== Task details ==
Your answer must be exactly the lines from the one containing "Denton, North Carolina, 27239, United" through the end of the material, both ends included, without pictures.

──────────────────────────────

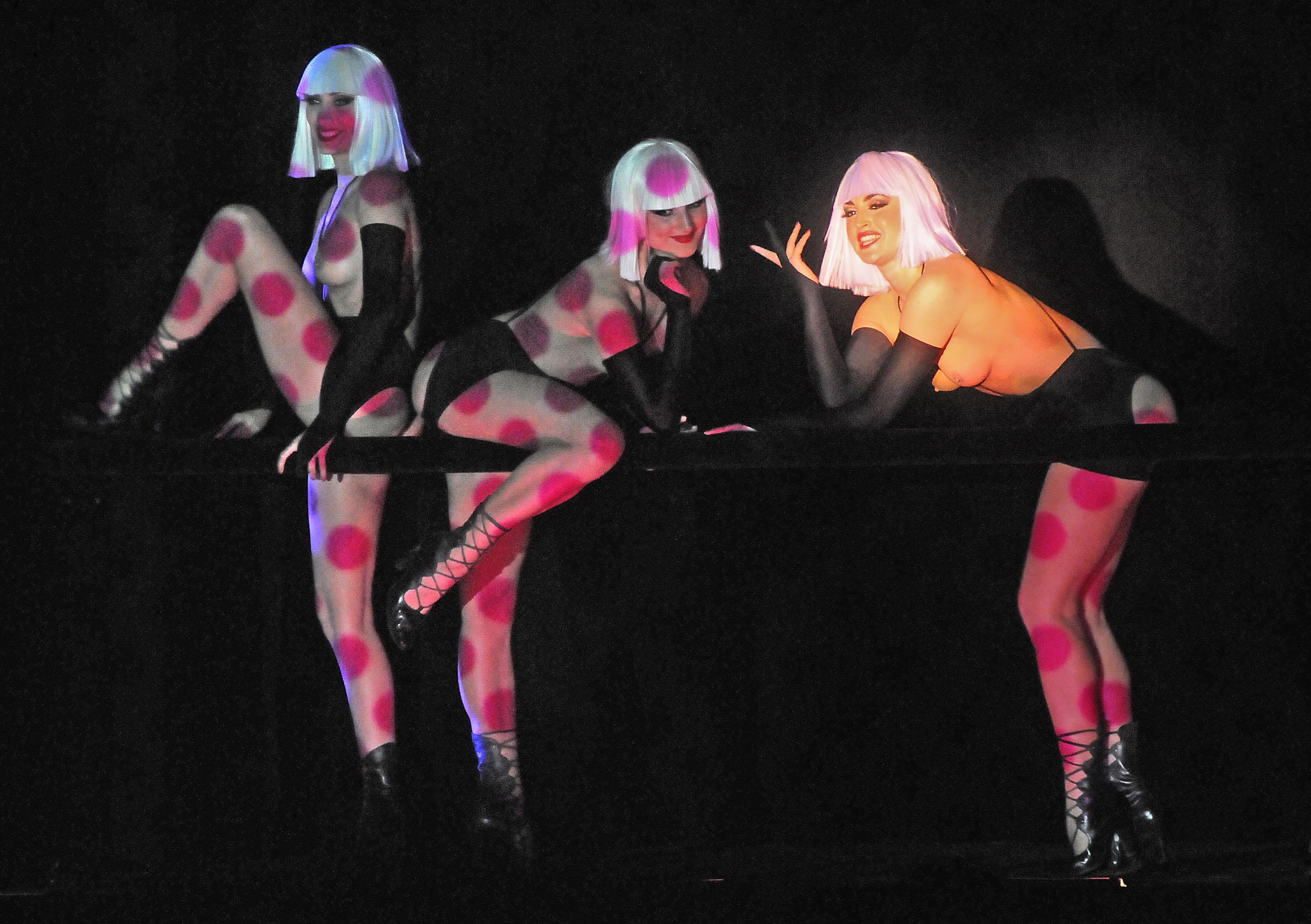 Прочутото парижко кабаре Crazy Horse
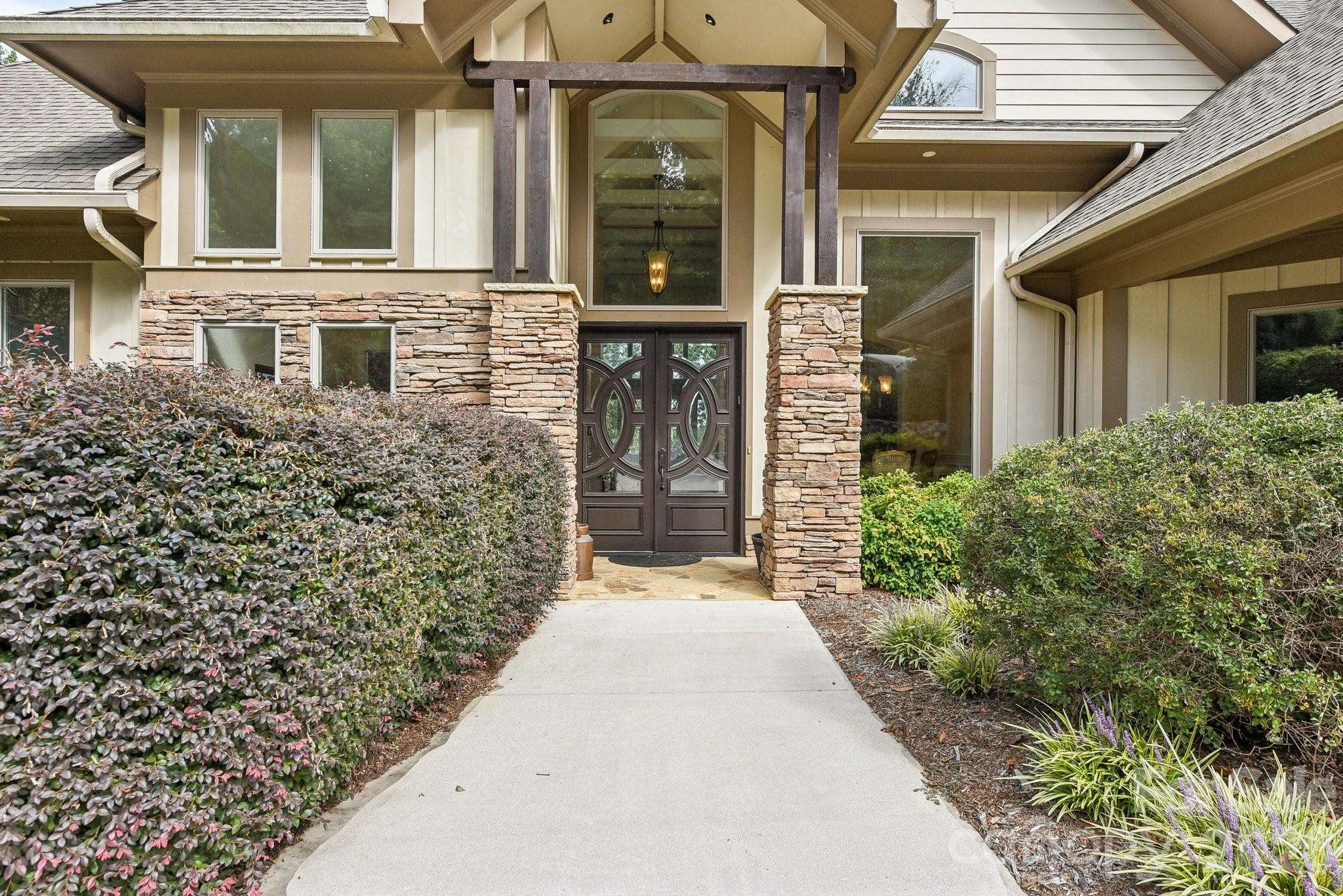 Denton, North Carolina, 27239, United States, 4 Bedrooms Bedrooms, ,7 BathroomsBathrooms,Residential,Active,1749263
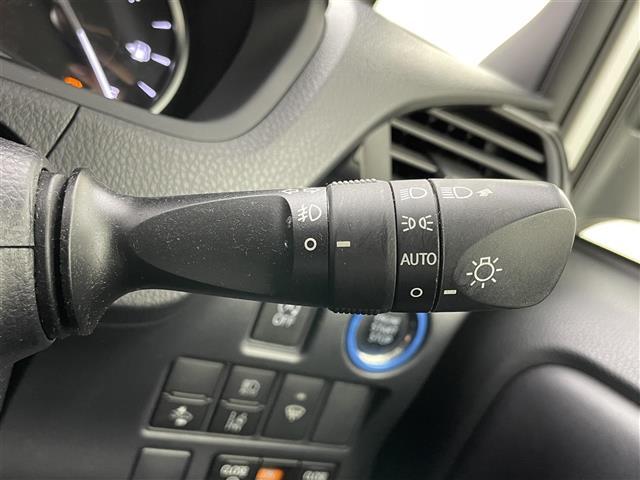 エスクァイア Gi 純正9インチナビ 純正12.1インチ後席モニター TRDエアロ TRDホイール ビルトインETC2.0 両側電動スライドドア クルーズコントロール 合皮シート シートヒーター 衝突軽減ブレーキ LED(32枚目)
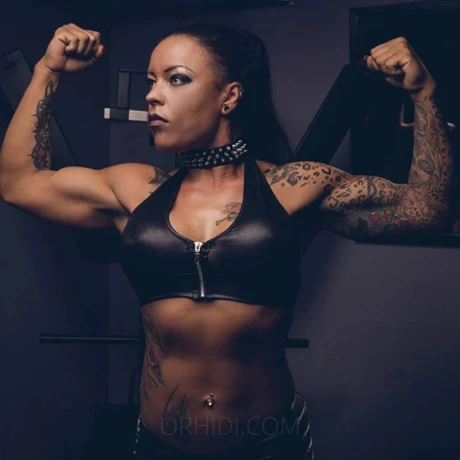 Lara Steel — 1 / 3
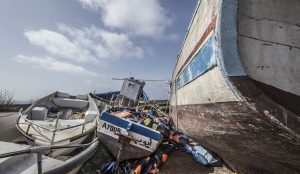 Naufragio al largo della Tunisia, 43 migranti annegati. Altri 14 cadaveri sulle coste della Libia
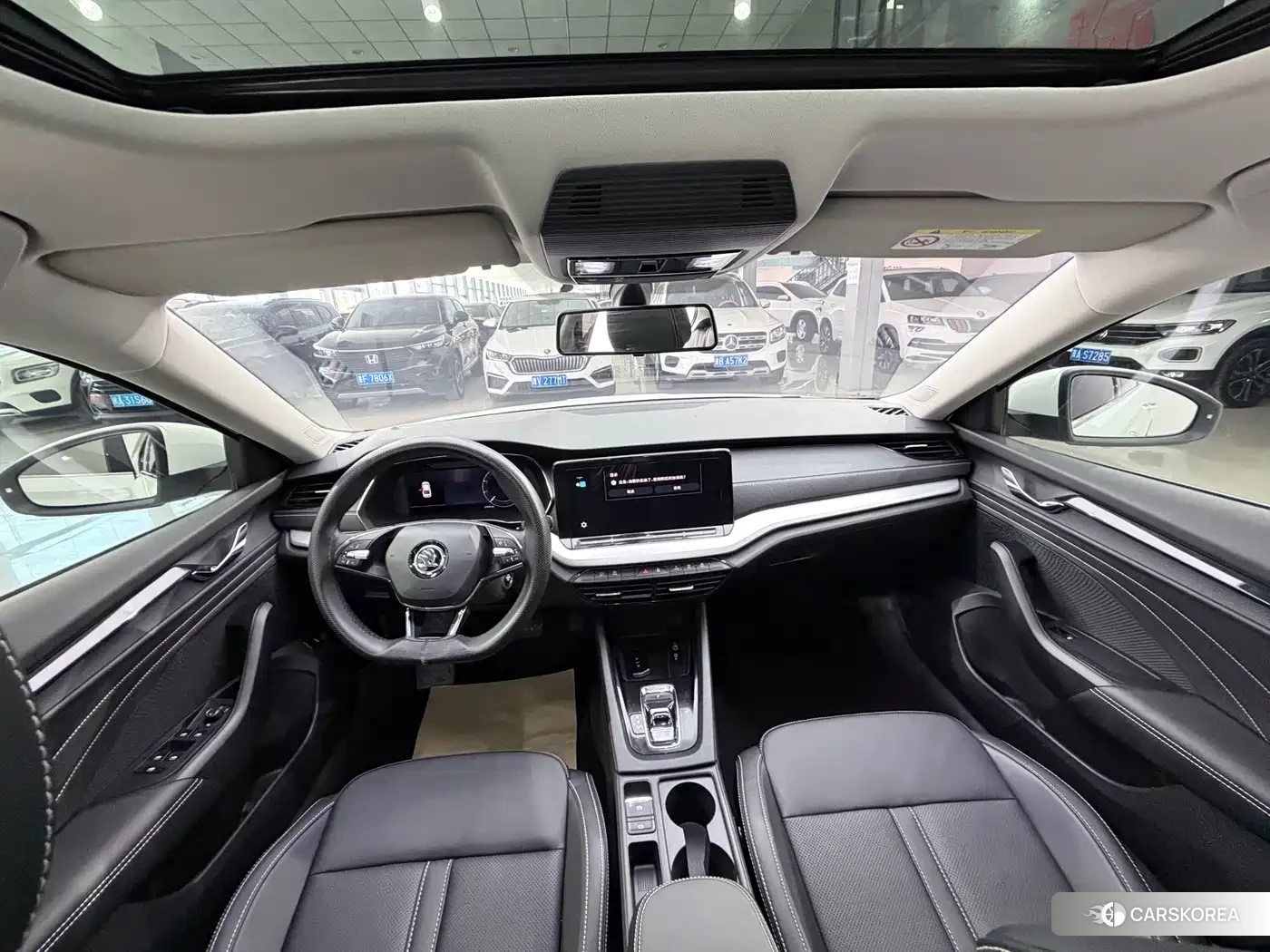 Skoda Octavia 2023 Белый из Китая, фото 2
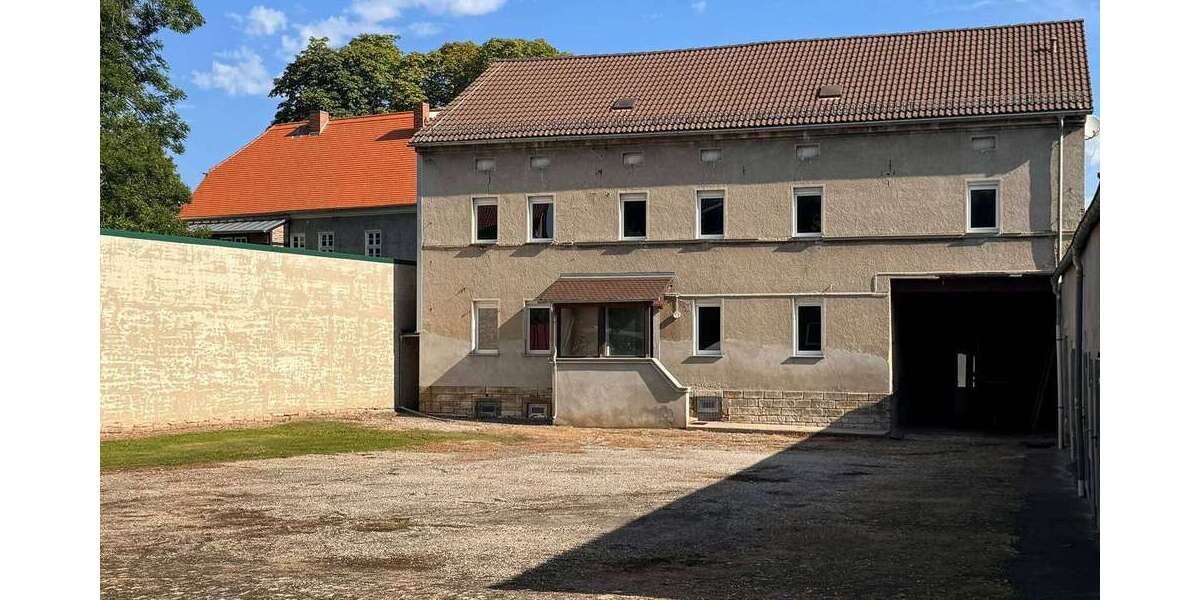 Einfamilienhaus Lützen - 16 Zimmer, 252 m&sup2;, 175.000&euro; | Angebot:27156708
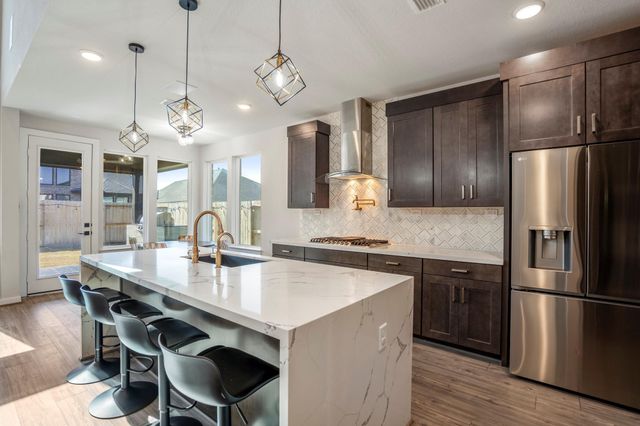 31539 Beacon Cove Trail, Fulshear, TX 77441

──────────────────────────────

== Task response ==
 Denton, North Carolina, 27239, United States, 4 Bedrooms Bedrooms, ,7 BathroomsBathrooms,Residential,Active,1749263
 エスクァイア Gi 純正9インチナビ 純正12.1インチ後席モニター TRDエアロ TRDホイール ビルトインETC2.0 両側電動スライドドア クルーズコントロール 合皮シート シートヒーター 衝突軽減ブレーキ LED(32枚目)
 Lara Steel — 1 / 3
 Naufragio al largo della Tunisia, 43 migranti annegati. Altri 14 cadaveri sulle coste della Libia
 Skoda Octavia 2023 Белый из Китая, фото 2
 Einfamilienhaus Lützen - 16 Zimmer, 252 m&sup2;, 175.000&euro; | Angebot:27156708
 31539 Beacon Cove Trail, Fulshear, TX 77441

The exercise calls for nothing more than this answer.